Our next stop, Eau Vivre, made a bit of a name for itself this year when it was awarded the Lieutenant Governor’s Award for Excellence in BC wine for the second year in a row (for their 2010 Pinot Noir). Owner Dale Wright filled us in on the details of the presentation ceremony as he poured us tasters, and as we sipped, we could see why they’d won. Similarly to at Orofino, at Eau Vivre you can bring your own picnic, buy a a bottle of vino and enjoy your lunch in the gorgeous gardens – something I could see myself doing regularly if I lived in the area.
At the eastern-most point of the Valley, looking over the banks of the Similkameen River, lies Forbidden Fruit Winery. They’ve been growing organic fruit for almost four decades, so it’s no surprise that they make a pretty great fruit wine. More recently, they’ve started making grape-based wines as well. Their pear wine got my #1 pick (along with their wonderfully picturesque setting).
Making our way back towards where we started in Keremeos, our next stop was Seven Stones Winery. We got lucky with the timing of our visit – they had just opened the new addition to their winery that morning, and we were able to get a tour from owner George Hanson. The addition is somewhat of an unusual one – instead of expanding out, they’ve expanded down, and have built two connected “caves” underneath the existing facility. One of the caves is the new barrel room for the winery and the other will be used for private events and tastings – and the cool temperature and gorgeous finishing will lend itself well to both purposes!
We managed to sneak into Rustic Roots Winery before it closed, which gave us just enough time to try their delicious fruit wines and learn a bit about their fascinating history. The farm that the winery is on was originally founded in the late 1880s, and has been in the family for 5 generations. During that time, it’s been everything from a dairy to a cattle rearing operation, finally finding its place as the winery it is today. The family focuses on sustainability (the 30 acre farm is fully organic), and you can check out photos of the different generations as you taste their wines in the tasting room. History nerd approved!
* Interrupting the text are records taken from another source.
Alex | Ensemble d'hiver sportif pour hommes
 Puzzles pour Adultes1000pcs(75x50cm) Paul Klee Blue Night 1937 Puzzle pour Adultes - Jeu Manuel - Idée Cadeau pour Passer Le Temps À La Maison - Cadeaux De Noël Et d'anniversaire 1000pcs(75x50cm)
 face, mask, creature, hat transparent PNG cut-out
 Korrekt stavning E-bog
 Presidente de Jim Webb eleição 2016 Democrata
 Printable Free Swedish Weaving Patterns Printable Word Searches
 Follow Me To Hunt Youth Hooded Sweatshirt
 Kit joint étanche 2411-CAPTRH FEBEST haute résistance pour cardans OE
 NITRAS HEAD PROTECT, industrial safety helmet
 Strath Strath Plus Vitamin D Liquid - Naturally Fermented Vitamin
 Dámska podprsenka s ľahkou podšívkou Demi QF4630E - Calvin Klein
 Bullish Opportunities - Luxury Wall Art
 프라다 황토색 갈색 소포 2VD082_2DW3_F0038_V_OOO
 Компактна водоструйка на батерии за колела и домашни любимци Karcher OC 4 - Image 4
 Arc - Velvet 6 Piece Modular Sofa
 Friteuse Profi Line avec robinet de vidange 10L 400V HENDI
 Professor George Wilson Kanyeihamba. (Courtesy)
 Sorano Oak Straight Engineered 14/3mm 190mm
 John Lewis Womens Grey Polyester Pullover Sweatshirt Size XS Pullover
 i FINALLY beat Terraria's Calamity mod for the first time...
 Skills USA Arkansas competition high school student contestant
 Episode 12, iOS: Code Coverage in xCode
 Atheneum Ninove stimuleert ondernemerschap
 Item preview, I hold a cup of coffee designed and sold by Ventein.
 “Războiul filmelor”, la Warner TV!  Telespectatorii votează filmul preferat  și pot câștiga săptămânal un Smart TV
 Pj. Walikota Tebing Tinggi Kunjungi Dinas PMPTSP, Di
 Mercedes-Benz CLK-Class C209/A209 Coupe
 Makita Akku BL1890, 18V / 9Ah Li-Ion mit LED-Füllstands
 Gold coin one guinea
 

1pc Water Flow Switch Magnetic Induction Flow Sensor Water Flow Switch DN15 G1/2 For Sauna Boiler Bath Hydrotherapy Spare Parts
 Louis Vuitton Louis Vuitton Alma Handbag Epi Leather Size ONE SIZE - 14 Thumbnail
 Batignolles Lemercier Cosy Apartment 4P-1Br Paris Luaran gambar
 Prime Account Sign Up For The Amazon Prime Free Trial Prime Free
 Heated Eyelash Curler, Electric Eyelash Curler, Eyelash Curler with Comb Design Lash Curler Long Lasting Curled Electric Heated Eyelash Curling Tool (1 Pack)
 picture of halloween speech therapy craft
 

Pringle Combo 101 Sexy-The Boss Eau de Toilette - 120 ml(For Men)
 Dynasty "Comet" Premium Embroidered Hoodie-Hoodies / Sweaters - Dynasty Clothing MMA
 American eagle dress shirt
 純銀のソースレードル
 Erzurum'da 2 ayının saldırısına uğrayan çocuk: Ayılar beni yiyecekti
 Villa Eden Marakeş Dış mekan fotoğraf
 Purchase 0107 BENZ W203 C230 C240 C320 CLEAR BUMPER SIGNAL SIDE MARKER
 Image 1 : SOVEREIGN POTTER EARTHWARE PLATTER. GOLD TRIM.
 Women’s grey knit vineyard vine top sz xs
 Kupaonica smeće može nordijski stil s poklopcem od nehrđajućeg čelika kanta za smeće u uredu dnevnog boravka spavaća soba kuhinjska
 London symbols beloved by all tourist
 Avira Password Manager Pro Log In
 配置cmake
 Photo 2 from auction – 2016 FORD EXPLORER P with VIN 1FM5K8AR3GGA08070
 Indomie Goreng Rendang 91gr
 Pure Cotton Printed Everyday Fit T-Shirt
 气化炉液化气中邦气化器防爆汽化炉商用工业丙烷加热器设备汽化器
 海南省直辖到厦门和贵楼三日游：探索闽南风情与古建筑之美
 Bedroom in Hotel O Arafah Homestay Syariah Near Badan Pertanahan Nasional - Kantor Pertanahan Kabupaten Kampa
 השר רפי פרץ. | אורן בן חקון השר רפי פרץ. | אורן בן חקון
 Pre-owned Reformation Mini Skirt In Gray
Last, but definitely not least, was Sage Bush Winery, which is actually located inside of a fruit stand on Highway 3 just at the entrance to the town of Keremeos. They had a very tasty Pinot Gris that was such a unique pink-orange colour, I had to buy a bottle to take with me. And as an added bonus, we were able to snag some of that fresh BC fruit on the way out.
In the end, we didn’t make it through ALL of the area’s wineries (a task I am now willing to admit might be a bit ambitious for a single day), but we definitely experienced enough of the wine and the fantastic people working with it to realize why the Similkameen Valley has made a name for itself as a wine destination. I’m ready for round two!